Reputation: 2057
I'm using the following code to split array of strings into list.
private List<string> GenerateTerms(string[] docs)
{
return docs.SelectMany(doc => ProcessDocument(doc)).Distinct().ToList();
}
private IEnumerable<string> ProcessDocument(string doc)
{
return doc.Split(' ')
.GroupBy(word => word)
.OrderByDescending(g => g.Count())
.Select(g => g.Key)
.Take(1000);
}
What I want to do is replace the list returned with
Dictionary <string, int>
i.e. instead of returned list , i want to return Dictionary
Could anyone help ?? thanks in advance.
Upvotes: 2
Views: 2869
Reputation: 33391
Try this:
string[] docs = {"aaa bbb", "aaa ccc", "sss, ccc"};
var result = docs.SelectMany(doc => doc.Split())
.GroupBy(word => word)
.OrderByDescending(g => g.Count())
.ToDictionary(g => g.Key, g => g.Count())
.Take(1000);
EDIT:
var result = docs.SelectMany(
doc => doc.Split()
.GroupBy(word => word)
.OrderByDescending(g => g.Count())
.Take(1000))
.Select(g => new {Word = g.Key, Cnt = g.Count()})
.GroupBy(t => t.Word)
.ToDictionary(g => g.Key, g => g.Sum(t => t.Cnt));
Upvotes: 1
Reputation: 223412
string doc = "This is a test sentence with some words with some words repeating like: is a test";
var result = doc.Split(' ')
.GroupBy(word => word)
.OrderByDescending(g=> g.Count())
.Take(1000)
.ToDictionary(r => r.Key ,r=> r.Count());
EDIT:
I believe you are looking to get a final dictionary from array of strings, based on words as key and their final count as values. Since dictionary can't contain duplicate values, so you will not be required to use Distict
.
You have to re-write your methods as:
private Dictionary<string,int> GenerateTerms(string[] docs)
{
List<Dictionary<string, int>> combinedDictionaryList = new List<Dictionary<string, int>>();
foreach (string str in docs)
{
//Add returned dictionaries to a list
combinedDictionaryList.Add(ProcessDocument(str));
}
//return a single dictionary from list od dictionaries
return combinedDictionaryList
.SelectMany(dict=> dict)
.ToLookup(pair => pair.Key, pair => pair.Value)
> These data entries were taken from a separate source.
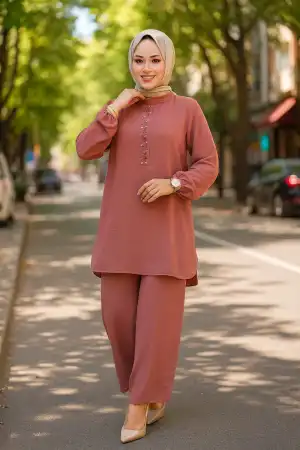 İnci Detaylı Gül Kurusu Tesettür İkili Takım 12802GK 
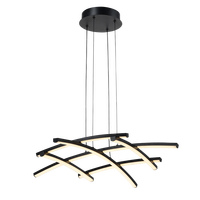 Luminaire suspendu LED moderne en aluminium sur mesure, design artistique, minimaliste, linéaire, élégant, pour salle à manger, salon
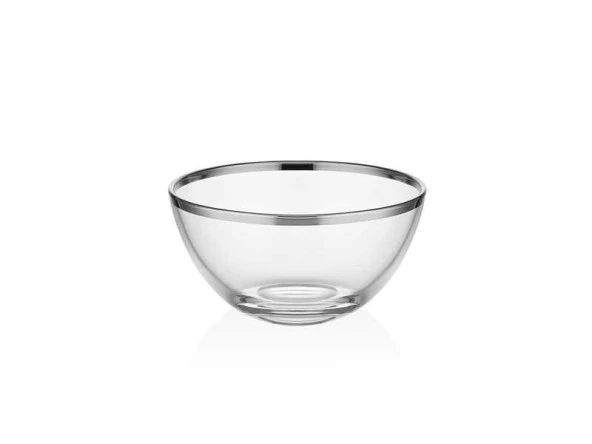 DECORİUM CAM KASE 20 CM DALIA PLATİN M04187 ürün görseli 1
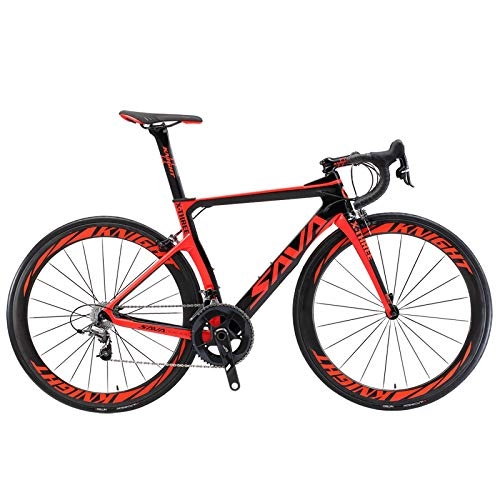 Road Bike : QLHQWE SAVA Carbon Road bike Carbon bike Road Bicycle 22 Speed Racing bicycle Full Carbon frame with SHIMANO ULTEGRA 8000 Groupsets, Red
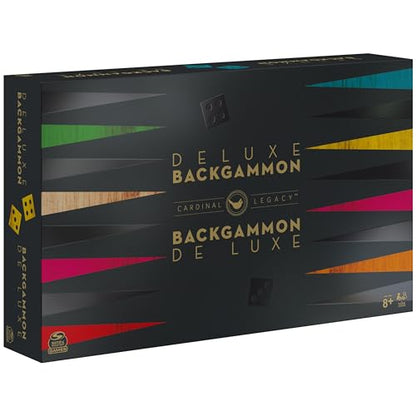 Spin Master Games Legacy Deluxe Wooden Backgammon Classic 2-Player Original Board Game Set with Cups and Dice, for Kids and Adults Aged 8 and up - color: Backgammon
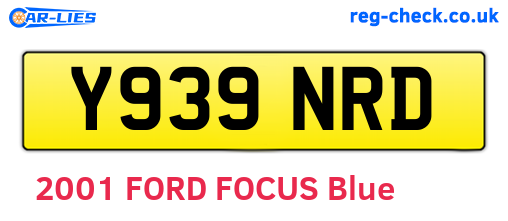 Y939NRD are the vehicle registration plates.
.ToDictionary(group => group.Key, group => group.Sum(value => value));
}
private Dictionary<string,int> ProcessDocument(string doc)
{
return doc.Split(' ')
.GroupBy(word => word)
.OrderByDescending(g => g.Count())
.Take(1000)
.ToDictionary(r => r.Key, r => r.Count());
}
Then you can call it like:
string[] docs = new[]
{
"This is a test sentence with some words with some words repeating like: is a test",
"This is a test sentence with some words with some words repeating like: is a test",
"This is a test sentence with some words",
"This is a test sentence with some words",
};
Dictionary<string, int> finalDictionary = GenerateTerms(docs);
Upvotes: 2
Reputation: 667
Try something like this:
var keys = new List<string>();
var values = new List<string>();
var dictionary = keys.ToDictionary(x => x, x => values[keys.IndexOf(x)]);
Upvotes: 0
Reputation: 82375
Without any additional cruft the following should work.
return doc.Split(' ')
.GroupBy(word => word)
.ToDictionary(g => g.Key, g => g.Count());
Tailor it via Take
, OrderBy
etc as is necessary for your situation.
Upvotes: 0